For those unfamiliar with the sport, competitors stand inside of a ring 7 feet in diameter as they try to heave an 18-pound ball of solid iron the farthest without stepping outside of the ring; a feat more difficult than you might imagine, as they often spin in a circle to gain momentum before throwing.
There was something for everyone. An inflated bounce house for the kids to play in, live music, an excited atmosphere, and a nearby tavern, the Sandbar, serving beer in the street. But don’t expect every track meet to be this exciting – Lawrence is the only city in America that hosts an outdoor, downtown shot put.
It’s not just the fans who enjoy it, but also competitors like Ryan Whiting, who won first place in the Indoor World Championships in March. Although he finished 5th in Wednesday’s competition, Whiting said he enjoyed the downtown atmosphere.
“I love it, “Whiting said.”It’s a lot more engaging for us and the crowd actually gets to see what we do instead of us just being on the infield of the track. We do a meet like this in Stockholm and I hope it catches on over here so we don’t have to travel as much.”
History of the downtown shot put
It was in Stockholm, Sweden, that the idea for a shot put event in the middle of the city began. In 2008, track meet organizers DN Galan, tried an innovative marketing strategy and moved the shot put event out of the stadium and into a park in the heart of the city.
Since then, the Stockholm event has grown in popularity. In 2010, it became part of the Samsung Diamond League. Competitors who break a stadium record in Diamond League events win a 1-carat diamond worth about $10,000.
While no diamonds are awarded for the Lawrence event, Kansas Athletics and the city of Lawrence came together to re-invent the sport’s perception. But not only have they copied Europe’s example, they might have improved on it, according to Reese Hoffa, who won the event with a throw of 71 feet, 3 3/4 inches. So far, that’s the longest throw in the world in 2012.
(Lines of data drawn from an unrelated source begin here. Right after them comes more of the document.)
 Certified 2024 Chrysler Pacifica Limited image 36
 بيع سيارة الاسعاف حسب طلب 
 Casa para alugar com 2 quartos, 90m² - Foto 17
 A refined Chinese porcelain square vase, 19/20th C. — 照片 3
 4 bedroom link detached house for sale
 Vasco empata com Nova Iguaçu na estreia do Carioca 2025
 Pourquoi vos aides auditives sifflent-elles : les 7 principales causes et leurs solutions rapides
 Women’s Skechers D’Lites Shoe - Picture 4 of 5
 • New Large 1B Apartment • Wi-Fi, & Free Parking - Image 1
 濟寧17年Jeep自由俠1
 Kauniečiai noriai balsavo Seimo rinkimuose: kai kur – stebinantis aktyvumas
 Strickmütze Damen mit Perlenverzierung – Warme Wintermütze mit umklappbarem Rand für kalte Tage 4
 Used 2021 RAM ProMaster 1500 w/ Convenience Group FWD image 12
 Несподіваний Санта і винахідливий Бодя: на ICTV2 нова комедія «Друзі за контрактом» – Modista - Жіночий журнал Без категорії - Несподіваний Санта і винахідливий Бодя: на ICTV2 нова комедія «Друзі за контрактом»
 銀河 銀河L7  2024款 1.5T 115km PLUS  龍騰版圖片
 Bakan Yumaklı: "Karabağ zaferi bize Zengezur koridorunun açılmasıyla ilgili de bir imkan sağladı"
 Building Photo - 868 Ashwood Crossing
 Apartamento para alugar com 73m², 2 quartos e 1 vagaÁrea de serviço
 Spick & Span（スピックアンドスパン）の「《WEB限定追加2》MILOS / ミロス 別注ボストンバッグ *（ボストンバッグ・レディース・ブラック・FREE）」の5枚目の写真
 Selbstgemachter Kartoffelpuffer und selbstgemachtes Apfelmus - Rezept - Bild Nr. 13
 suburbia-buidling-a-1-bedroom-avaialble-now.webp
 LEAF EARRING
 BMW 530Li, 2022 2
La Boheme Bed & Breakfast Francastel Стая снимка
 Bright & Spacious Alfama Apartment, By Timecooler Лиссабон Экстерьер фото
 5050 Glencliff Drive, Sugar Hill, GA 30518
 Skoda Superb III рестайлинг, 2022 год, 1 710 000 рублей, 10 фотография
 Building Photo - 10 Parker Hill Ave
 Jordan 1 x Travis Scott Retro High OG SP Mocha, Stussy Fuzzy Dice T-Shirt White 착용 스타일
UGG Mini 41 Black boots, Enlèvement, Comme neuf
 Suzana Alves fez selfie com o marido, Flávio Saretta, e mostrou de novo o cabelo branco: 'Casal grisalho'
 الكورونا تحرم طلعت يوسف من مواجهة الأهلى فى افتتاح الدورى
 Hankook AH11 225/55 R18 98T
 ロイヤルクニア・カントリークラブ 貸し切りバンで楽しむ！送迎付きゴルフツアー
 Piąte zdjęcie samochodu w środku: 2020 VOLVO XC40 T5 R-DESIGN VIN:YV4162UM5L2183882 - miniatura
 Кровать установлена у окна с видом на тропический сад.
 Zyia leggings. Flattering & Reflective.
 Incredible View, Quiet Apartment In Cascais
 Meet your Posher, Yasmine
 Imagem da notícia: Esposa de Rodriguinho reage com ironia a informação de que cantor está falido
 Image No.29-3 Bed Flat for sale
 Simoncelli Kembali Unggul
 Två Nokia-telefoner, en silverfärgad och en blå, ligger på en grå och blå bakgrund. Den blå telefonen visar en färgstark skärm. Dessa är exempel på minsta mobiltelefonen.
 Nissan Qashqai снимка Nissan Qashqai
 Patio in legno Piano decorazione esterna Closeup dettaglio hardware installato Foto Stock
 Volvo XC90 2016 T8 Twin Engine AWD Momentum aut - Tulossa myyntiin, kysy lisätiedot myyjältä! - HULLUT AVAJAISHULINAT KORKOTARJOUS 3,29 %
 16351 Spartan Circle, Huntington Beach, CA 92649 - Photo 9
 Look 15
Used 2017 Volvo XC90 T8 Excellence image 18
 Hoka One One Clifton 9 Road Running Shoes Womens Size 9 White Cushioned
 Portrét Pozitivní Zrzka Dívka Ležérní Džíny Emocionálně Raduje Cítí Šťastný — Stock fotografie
“Doing it here is 100 percent unique. You don’t get this in Europe. They usually put us in a park somewhere, just a ruckus, just as exciting… I think that’s what makes this a good event, is the fans are right on top of you, you can give them a high-five, it’s awesome.”
Hoffa always makes sure to engage with his fans and get them on his side. He’s even been known to don a hood and cape when he throws in the ring, dubbing himself “The Unknown Shot Putter.” Before his sixth and final throw to win the event, Hoffa was in second place behind Olympic silver-medalist Christian Cantwell. It just might have been the backing of his fans that propelled him to victory.
“You know honestly, they give you that little bit that helps you get over the edge in terms of getting that good distance,” Hoffa said. “Especially when you’re really close.”